One suggestion would be creating the namespaces in this way (this is how it is done in STAC JSON e.g. eo) but then, in the elasticsearch output plugin, you break this down into:

{
"properties": 
    "model":  {
         "values": ["ACCESS-ESM1-5"],
         "namespace": "general"
  },
    "source_id":  {
         "values": ["ACCESS-ESM1-5"],
         "namespace": "cmip6"
  }
}

Maybe this would be easier? It would also allow no-namespace searching.

agstephens commented 2 years ago

@rhysrevans3 will put together a diagram to explain all the interactions with Controlled Vocabs - so that we have all the functional interfaces defined and we can agree on how the system should behave in each case.

rhysrevans3 commented 2 years ago

Vocab look up at Generator stage:

diagram

agstephens commented 2 years ago

What are our search Use Cases?

search("ukesm") OR search("UKESM") OR search("ukes*"):
1. free-text search will be slower because it will check all fields/facets
2. but it will work
3. NOTE: search is case-insensitive
4. NOTE: wild-card "*" should work (or we restrict/ignore it)
search("model=ukesm") OR search("source_id=ukesm"):
1. search ALL namespaces for:
  1. key: "model"
  2. value: "ukesm"
2. sort results (if possible):
  1. with "general" namespace at the top (ideally)
search("cmip6:source_id=ukesm") OR search("general:model=ukesm"):
1. search specific namespace "cmip6" for:
  - key: "model"
  - value: "ukesm"
search("cmip6:source_id=ukesm AND general:variable=air_temperature"):
- Build a combined search expression where these conditions are BOTH TRUE:
  - search specific namespace "cmip6" for:
    - key: "model"
    - value: "ukesm"
  - search specific namespace "general" for:
    - key: "variable"
    - value: "air_temperature"
search("cmip6:source_id=ukesm AND variable=air_temperature"):
- Build a combined search expression where these conditions are BOTH TRUE:
  - search specific namespace "cmip6" for:
    - key: "source_id"
    - value: "ukesm"
  - search ALL namespaces for:
    - key: "variable"
    - value: "air_temperature"
    - sort results (if possible):
      - with "general" namespace at the top (ideally)

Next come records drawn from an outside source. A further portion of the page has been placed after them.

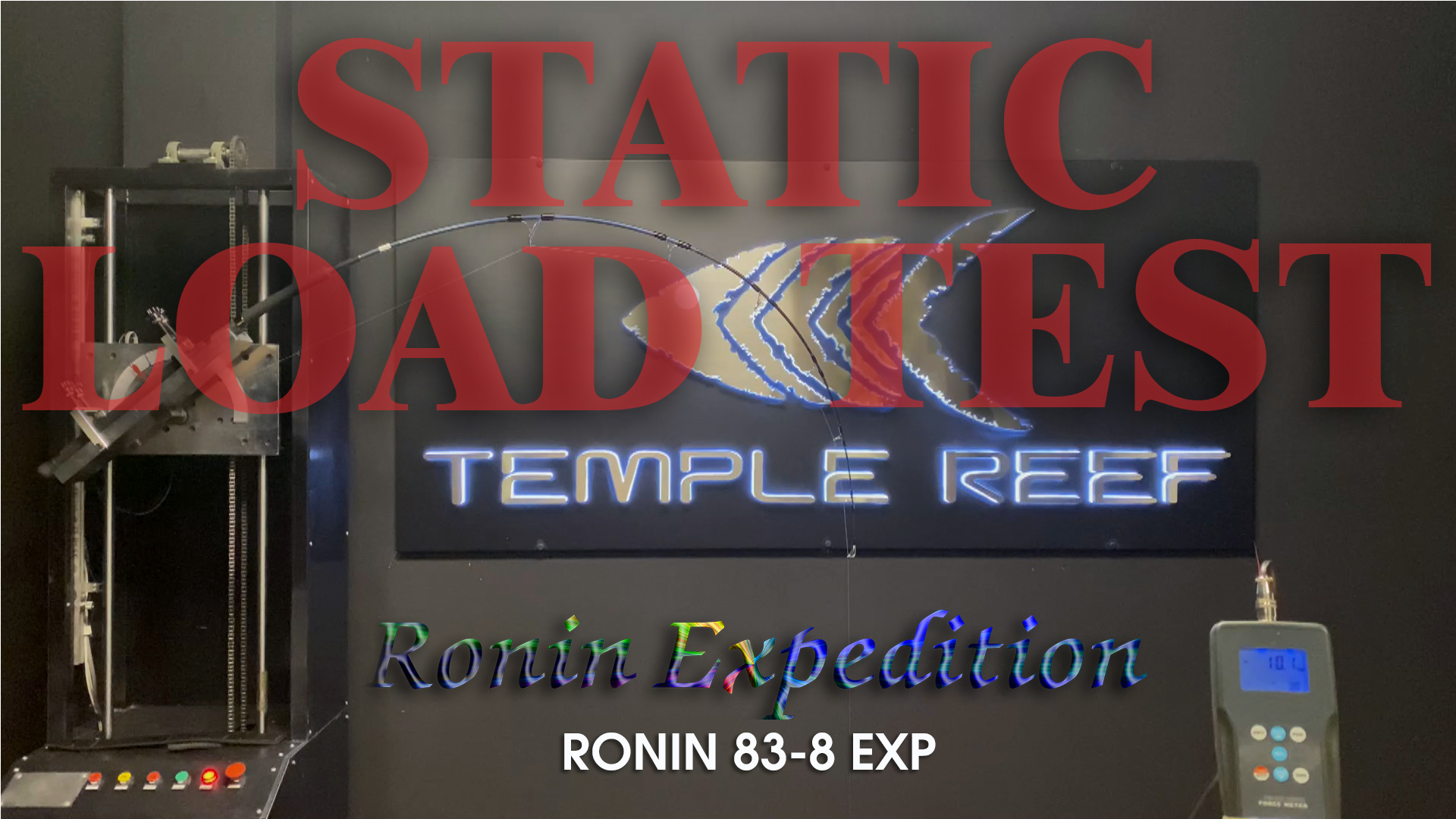 A sign that says static dadoes temple reef ronin expeditions.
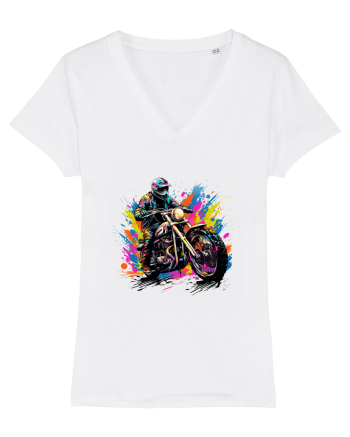 Biker Life White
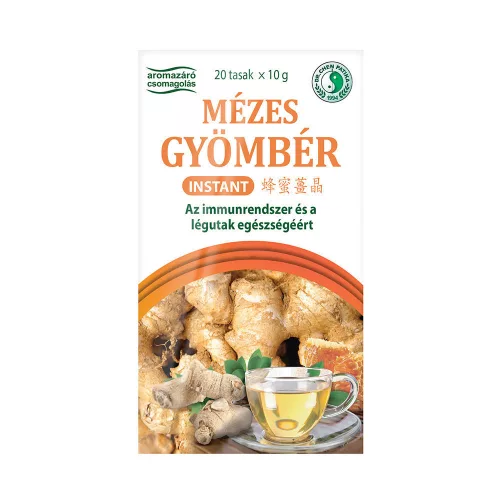 Gyömbér instant tea mézzel ízesítve DR.CHEN 20x10g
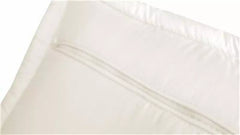 Pillow Case Replacement for QUEEN size Micro Shredded Memory Foam Bed Pillow - White and Cream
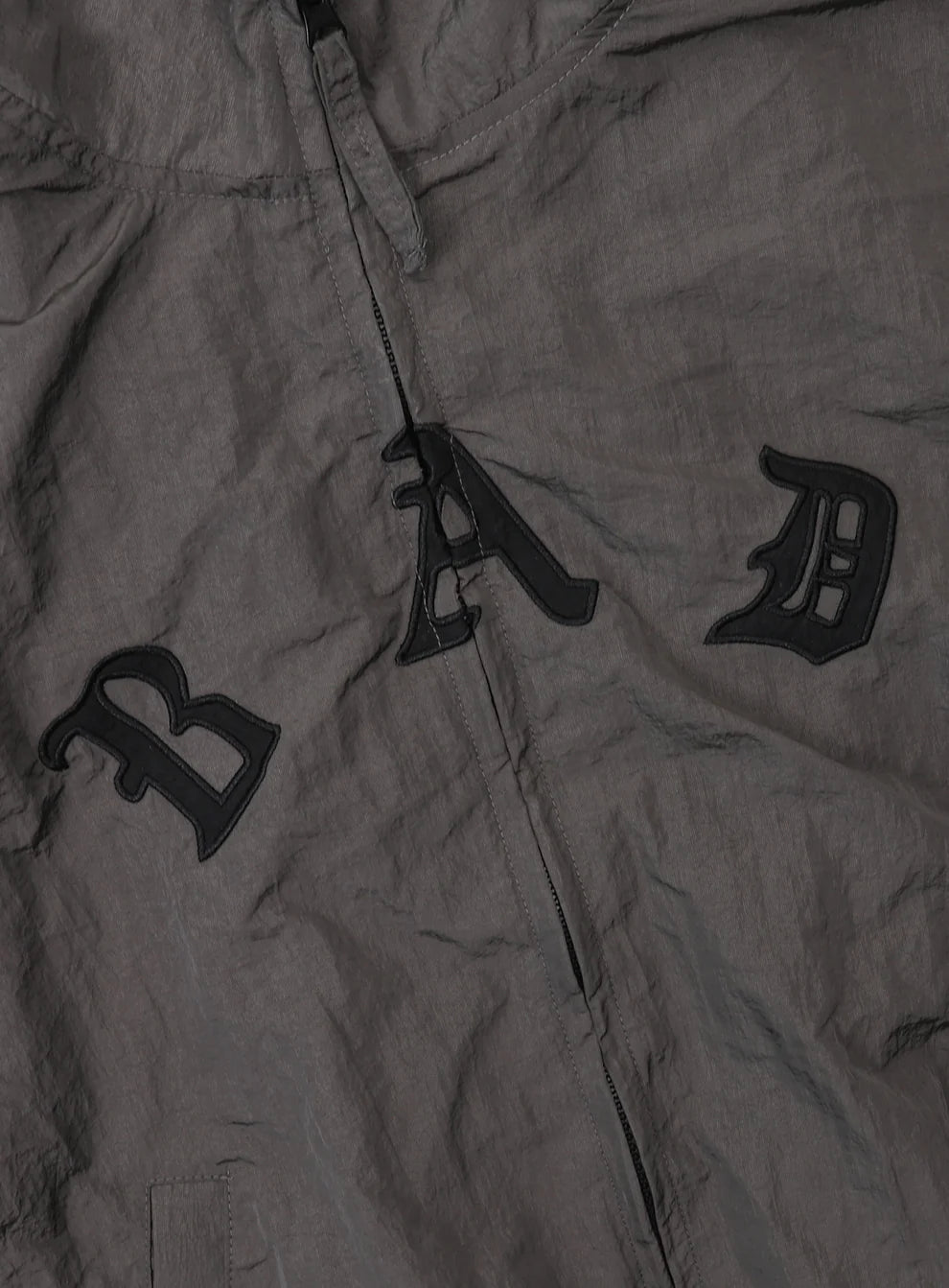 Dark Billy Nylon Track Jacket - Charcoal Brown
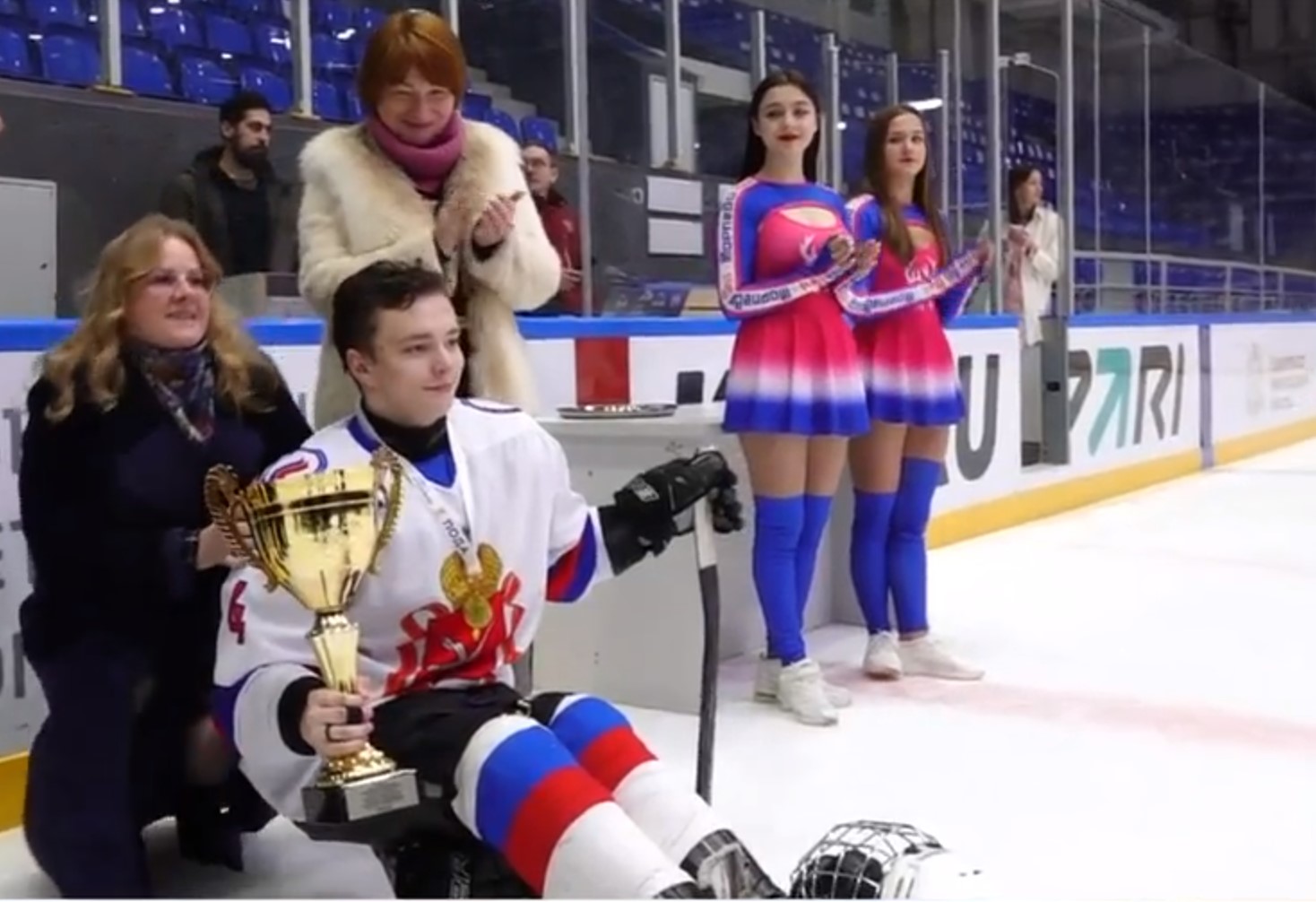 Репортаж телеканала Матч ТВ о Всероссийских детско-юношеских соревнованиях по следж-хоккею в Нижнем Новгороде!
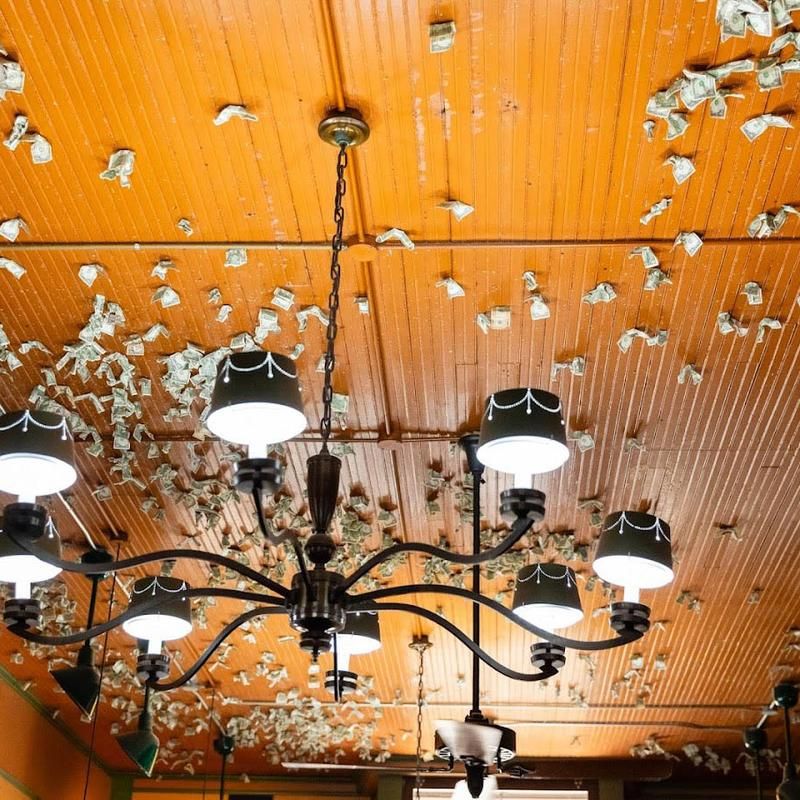 The Dollar Bills on the Ceiling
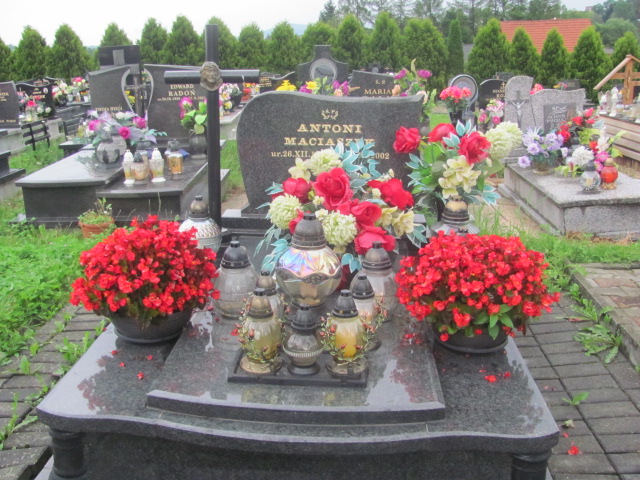 Grób Antoni Maciaszek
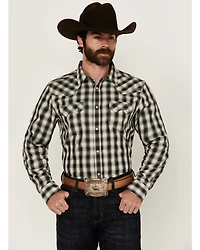Cody James Men's Rey Plaid Print Long Sleeve Snap Western Shirt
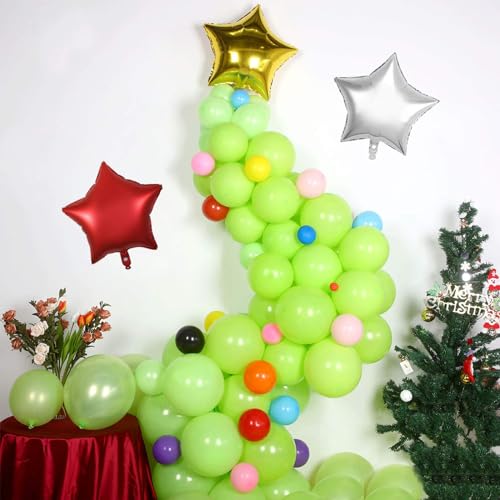 Lime Green Balloons - 12 inch 100pcs Latex - Round Light Green Birthday Balloons with 2 Ribbons for Birthday, St Patricks, Dinosaur, Jungle Party Decorations - color: Lime Green, size: 12 Inch 100PCS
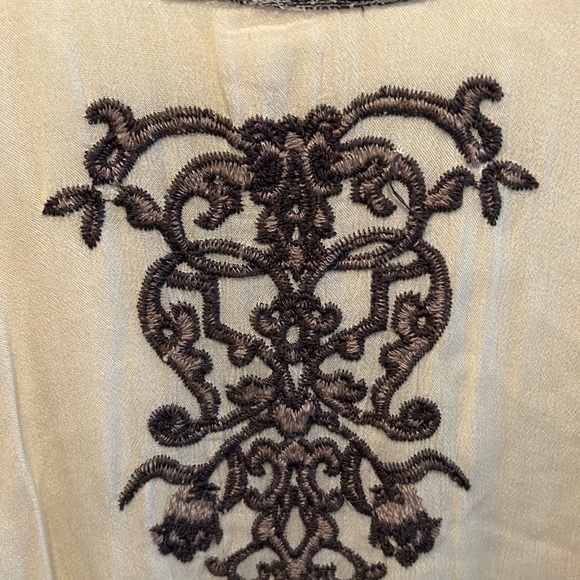 Free people flowy embroidered mini dress tunic - Picture 7 of 8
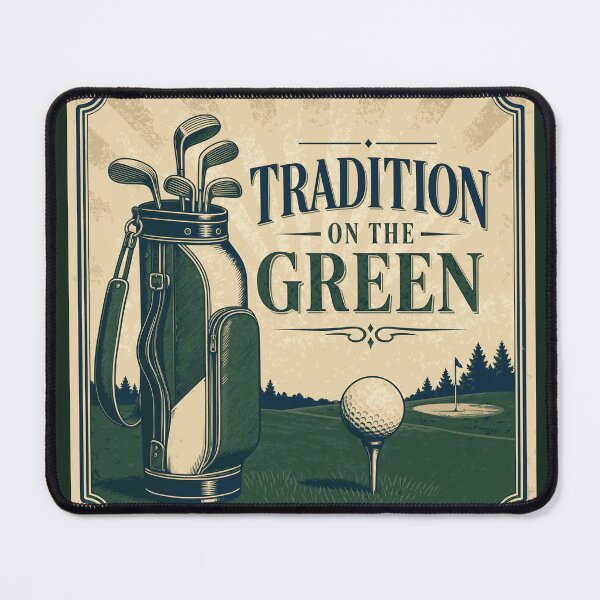 Item preview, Golf Tradition On The Green Retro Vintage - Mens Classic 50s Sports Gift - Vintage Golf Bag Art designed and sold by BelievingCreates.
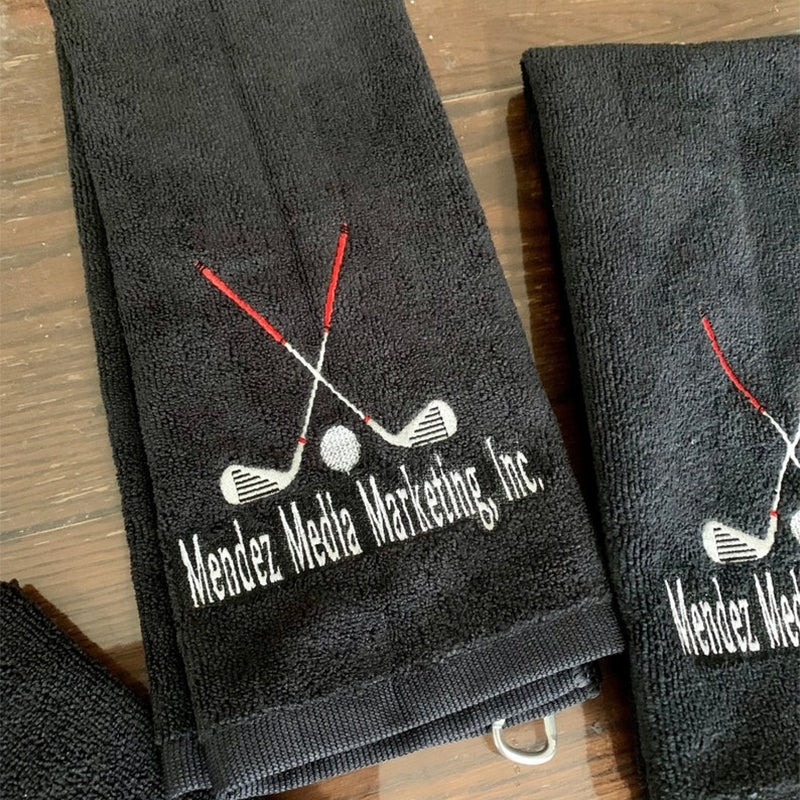 Personalized Golf Towel, Monogrammed Golf Towel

agstephens commented 2 years ago

One caveat: if any part of a vocab changes...

we need to:
1. Re-index all those records, OR,...
2. Create an update tool

agstephens commented 2 years ago

From the STAC point of view, we like this:

{
"properties": 
    "source_id":  "ACCESS-ESM1-5"
  }
}

...but we accept that this might be the reality...

{
"properties": 
    "source_id":  ["ACCESS-ESM1-5"]
  }
}

agstephens commented 2 years ago

In terms of the Elasticsearch content, here are some candidate representations:

1. Dictionary per facet that includes namespace:

looks sensible
value is duplicated
would allow simple search using mapped or namespace-specific search terms

{
"properties": 
    "model":  {
         "values": ["ACCESS-ESM1-5"],
         "namespace": "general"
  },
    "source_id":  {
         "values": ["ACCESS-ESM1-5"],
         "namespace": "cmip6"
  }
}

2. Dictionary per facet that includes namespace:

more compact
would require a more complex ES query to separate out the namespace

{
"properties": 
    "source_id":  {
         "values": ["ACCESS-ESM1-5"],
         "namespace": "cmip6",
         "general_term": "model"
  }
}

3. Two separate dictionaries of properties - (1) general, (2) specific to namespace

STAC would only be fed the namespace-specific properties

{
"properties": {
    "source_id": "ACCESS-ESM1-5",
    "namespace": "cmip6"
  },
"general_properties": {
    "model": "ACCESS-ESM1-5",
  }
}

agstephens commented 2 years ago

@rhysrevans3, have a play with the above, maybe (1) and (3) look like the best candidates. Might (3) be fastest?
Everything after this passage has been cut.